Cisco Systems Interview Question
logically ok.
karate, by the time the control reaches the second part of the logic x has already been shifted left so right shifting puts it back to its original position with the left most bit missed, possibly. as i know the shifting works in place, so the best option would be to use this way
a = x
left = x<<1 & 0b10101010
right = a>>1 & 0b01010101
x= left | right
@amazonianMonkey
Your logic is not correct, you don't need to shift it back because the send shift is performed on the original x value.
Consider,
int x = 2;
x = x << 1 | x << 1;
if you look at the assembly, assuming %eax has x
add %eax %eax
or %eax %eax
If you print out x, the output is 4 not 12.
@gus
so you mean to say in case of your solution by the time control reaches the second part (the second part of OR) the value of x is the same as the original, right?
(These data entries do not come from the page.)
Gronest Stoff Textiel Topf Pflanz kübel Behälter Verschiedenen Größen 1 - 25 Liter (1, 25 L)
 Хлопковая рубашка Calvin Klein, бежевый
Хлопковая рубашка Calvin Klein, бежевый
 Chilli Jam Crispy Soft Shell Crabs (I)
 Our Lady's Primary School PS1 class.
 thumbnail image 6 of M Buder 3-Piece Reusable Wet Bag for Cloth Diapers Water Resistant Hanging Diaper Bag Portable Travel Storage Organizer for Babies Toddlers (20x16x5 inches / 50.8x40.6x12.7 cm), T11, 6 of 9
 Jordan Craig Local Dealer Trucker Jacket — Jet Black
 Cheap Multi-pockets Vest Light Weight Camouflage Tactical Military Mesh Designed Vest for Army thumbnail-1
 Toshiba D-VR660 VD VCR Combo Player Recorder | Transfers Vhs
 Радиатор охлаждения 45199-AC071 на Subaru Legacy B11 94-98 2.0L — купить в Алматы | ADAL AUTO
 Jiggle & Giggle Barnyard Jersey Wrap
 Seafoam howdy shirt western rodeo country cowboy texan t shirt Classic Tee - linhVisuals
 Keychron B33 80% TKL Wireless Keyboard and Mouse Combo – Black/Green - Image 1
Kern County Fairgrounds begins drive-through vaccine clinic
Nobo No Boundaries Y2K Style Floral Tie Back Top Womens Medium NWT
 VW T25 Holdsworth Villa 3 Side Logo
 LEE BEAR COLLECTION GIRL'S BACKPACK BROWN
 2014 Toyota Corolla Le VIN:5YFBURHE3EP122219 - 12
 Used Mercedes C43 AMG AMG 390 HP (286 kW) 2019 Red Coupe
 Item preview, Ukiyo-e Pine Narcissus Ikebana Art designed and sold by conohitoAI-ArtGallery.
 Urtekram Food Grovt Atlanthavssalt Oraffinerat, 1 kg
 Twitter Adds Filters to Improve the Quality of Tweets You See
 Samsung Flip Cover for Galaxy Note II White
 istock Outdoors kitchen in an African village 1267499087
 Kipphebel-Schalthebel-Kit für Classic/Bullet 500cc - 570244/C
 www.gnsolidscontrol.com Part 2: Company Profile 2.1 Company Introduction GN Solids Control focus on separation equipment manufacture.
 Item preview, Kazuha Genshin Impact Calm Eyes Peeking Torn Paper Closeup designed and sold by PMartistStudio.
((x<<1)&(0b10101010)) |(x&0b01010101)
i don't think so! How do you explain that...this logic applies to post/pre increment operators in C/C++, but how do you apply the same here, can you write concrete examples? would be nice to make things clear for my understanding. Thank
#define ENDSWAP2BITS(x) ((((x)&0x03)<<2)|(((x)&0x0c)>>2)|(((x)&0x30)<<2)|(((x)&0xc0)>>2))
int x= ( (x & 0xAAAAAAAA)>>1 | (x & 0x55555555)<<1 );
- Anonymous August 23, 2009